The United Nations has received $500 million in pledges of assistance for victims of the Indian Ocean tsunami. Half of the total came in one chunk from the World Bank. Secretary-General Kofi Annan expressed satisfaction with the international response, but said no amount will be enough.

Mr. Annan interrupted a winter vacation in the western United States to return to New York to head the world body's disaster relief effort.

He met Thursday with his emergency aid team, with ambassadors of affected countries and with the newly formed core group of aid donors led by the United States, Japan, India and Australia. He said he has been in close contact with Secretary of State Colin Powell to coordinate relief efforts.

"I spoke to Secretary of State Powell yesterday, as the announcement was made, and we've also spoken this morning," he said. "The core group will support the U.N. effort. We expect the core group to grow. There are other countries that have indicated a desire to join the core group, and it will be a good thing that we will have a real international effort, and it is clear that their purpose is to work with us and support the U.N. effort, and we're going to make it a truly international effort."

View of village destroyed by tidal waves at Kolachal, in southern Indian state of Tamil Nadu
Mr. Annan described the Indian Ocean tsunami as an unprecedented global catastrophe that requires an unprecedented global response. But he said the initial outpouring of assistance pledges had been very good.

"A total of half-a-billion dollars in assistance has been pledged or received, as well as contributions in kind," he said. " More than 30 countries have stepped forward to help, as have millions of individuals from around the world."

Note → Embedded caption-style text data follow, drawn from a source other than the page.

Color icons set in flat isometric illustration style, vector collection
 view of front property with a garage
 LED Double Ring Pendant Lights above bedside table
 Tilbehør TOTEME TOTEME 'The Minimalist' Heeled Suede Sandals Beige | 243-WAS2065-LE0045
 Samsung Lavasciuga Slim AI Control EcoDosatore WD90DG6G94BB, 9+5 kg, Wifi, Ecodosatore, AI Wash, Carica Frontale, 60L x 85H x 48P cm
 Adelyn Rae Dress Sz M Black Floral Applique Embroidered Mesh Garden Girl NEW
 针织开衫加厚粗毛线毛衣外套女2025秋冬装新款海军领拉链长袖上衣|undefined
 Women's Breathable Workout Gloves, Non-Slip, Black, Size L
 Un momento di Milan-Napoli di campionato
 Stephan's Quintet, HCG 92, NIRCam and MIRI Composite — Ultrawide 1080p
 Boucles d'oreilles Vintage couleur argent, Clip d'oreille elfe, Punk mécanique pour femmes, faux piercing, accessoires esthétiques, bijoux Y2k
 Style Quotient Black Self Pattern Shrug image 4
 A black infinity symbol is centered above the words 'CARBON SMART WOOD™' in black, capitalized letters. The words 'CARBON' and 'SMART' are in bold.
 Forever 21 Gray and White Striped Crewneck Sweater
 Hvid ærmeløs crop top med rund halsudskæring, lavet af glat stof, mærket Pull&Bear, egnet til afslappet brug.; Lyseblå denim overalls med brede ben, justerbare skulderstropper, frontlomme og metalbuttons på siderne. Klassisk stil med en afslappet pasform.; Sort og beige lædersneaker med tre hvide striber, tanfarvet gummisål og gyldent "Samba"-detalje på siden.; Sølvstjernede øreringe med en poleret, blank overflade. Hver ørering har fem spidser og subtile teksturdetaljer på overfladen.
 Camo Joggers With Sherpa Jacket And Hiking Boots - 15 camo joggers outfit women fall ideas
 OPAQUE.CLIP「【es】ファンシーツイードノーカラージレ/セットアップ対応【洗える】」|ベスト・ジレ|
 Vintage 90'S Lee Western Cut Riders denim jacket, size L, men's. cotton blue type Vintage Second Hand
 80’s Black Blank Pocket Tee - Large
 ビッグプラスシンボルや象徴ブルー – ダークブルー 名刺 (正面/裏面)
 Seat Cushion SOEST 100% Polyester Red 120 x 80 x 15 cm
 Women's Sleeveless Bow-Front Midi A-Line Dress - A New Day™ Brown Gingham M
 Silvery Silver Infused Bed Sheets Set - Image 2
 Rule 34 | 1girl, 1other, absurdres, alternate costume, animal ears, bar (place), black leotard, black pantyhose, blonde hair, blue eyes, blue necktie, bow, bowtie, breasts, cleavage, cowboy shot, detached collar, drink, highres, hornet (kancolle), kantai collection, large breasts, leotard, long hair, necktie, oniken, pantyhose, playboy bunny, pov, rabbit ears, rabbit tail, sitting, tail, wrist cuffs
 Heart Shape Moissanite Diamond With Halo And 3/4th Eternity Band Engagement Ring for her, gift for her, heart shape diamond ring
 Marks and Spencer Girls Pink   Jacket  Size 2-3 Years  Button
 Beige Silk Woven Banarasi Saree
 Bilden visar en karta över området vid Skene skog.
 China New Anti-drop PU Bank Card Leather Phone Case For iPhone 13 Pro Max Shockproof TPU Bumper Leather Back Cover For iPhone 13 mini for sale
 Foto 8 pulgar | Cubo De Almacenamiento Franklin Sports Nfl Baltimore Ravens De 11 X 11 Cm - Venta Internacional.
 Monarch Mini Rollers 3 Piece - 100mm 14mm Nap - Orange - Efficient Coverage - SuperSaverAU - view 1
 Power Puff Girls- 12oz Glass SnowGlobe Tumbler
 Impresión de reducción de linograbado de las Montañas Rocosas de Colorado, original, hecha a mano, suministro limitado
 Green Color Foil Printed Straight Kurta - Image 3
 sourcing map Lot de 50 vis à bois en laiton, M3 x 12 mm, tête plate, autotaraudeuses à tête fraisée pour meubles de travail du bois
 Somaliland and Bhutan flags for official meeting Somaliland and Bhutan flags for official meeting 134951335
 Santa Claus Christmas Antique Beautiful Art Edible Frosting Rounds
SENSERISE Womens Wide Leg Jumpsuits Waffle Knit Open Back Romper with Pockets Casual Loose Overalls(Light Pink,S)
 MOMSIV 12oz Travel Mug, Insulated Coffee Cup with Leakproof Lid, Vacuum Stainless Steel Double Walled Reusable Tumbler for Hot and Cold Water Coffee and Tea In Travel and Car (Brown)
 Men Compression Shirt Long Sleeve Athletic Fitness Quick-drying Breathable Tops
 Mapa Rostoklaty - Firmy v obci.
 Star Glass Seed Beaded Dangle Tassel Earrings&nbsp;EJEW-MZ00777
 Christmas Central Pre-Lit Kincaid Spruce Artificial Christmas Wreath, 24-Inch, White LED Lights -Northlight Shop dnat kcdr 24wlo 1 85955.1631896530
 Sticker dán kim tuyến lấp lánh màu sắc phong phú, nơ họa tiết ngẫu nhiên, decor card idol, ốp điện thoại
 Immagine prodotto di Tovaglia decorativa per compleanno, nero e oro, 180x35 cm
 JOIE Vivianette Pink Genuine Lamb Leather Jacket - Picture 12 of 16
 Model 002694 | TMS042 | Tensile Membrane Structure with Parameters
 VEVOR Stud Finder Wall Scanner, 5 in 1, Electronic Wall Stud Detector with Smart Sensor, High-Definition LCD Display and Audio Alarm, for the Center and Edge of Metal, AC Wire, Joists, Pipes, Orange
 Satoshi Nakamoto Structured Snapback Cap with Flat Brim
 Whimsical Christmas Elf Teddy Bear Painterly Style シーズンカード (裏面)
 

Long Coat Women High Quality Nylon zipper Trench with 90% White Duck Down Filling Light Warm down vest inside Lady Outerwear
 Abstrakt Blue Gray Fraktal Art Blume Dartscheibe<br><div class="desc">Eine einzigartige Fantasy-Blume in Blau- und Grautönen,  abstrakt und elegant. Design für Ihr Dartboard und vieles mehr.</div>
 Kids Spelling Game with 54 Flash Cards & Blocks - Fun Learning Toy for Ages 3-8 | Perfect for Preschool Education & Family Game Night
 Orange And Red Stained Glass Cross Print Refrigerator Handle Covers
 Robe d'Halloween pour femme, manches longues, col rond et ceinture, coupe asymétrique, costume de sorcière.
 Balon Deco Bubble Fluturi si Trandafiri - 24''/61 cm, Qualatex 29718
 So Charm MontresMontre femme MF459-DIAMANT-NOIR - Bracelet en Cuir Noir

Mr. Annan said half the money pledged, $250 million, came in one donation from the World Bank.

The secretary-general and U.N. emergency relief director, Jan Egeland, outlined a massive aid distribution plan using the Thai capital, Bangkok, as its hub for moving goods to the worst-hit areas.

He commended the work of local Red Cross and Red Crescent Societies in providing immediate assistance, but admitted that, even with all the aid being offered, the international community's resources would be stretched thin. He admitted that the scope of the disaster is so large, everything that can be done may still not be enough.

"That is possible, because the needs are enormous," Mr. Annan noted. "And it is conceivable that one may not be able to fulfill every possible need of each of the countries and each of the coastal villages that have been destroyed. But we cannot forgive ourselves for not even trying, not even really making an effort to help people meet their desperate needs. Our common humanity demands it."

U.N. officials say a wider appeal for assistance is to be launched within a week, in hopes of raising several hundred million more dollars. That money would be intended to provide emergency aid over the next six months. A third appeal for several billion dollars is expected later, to finance reconstruction efforts.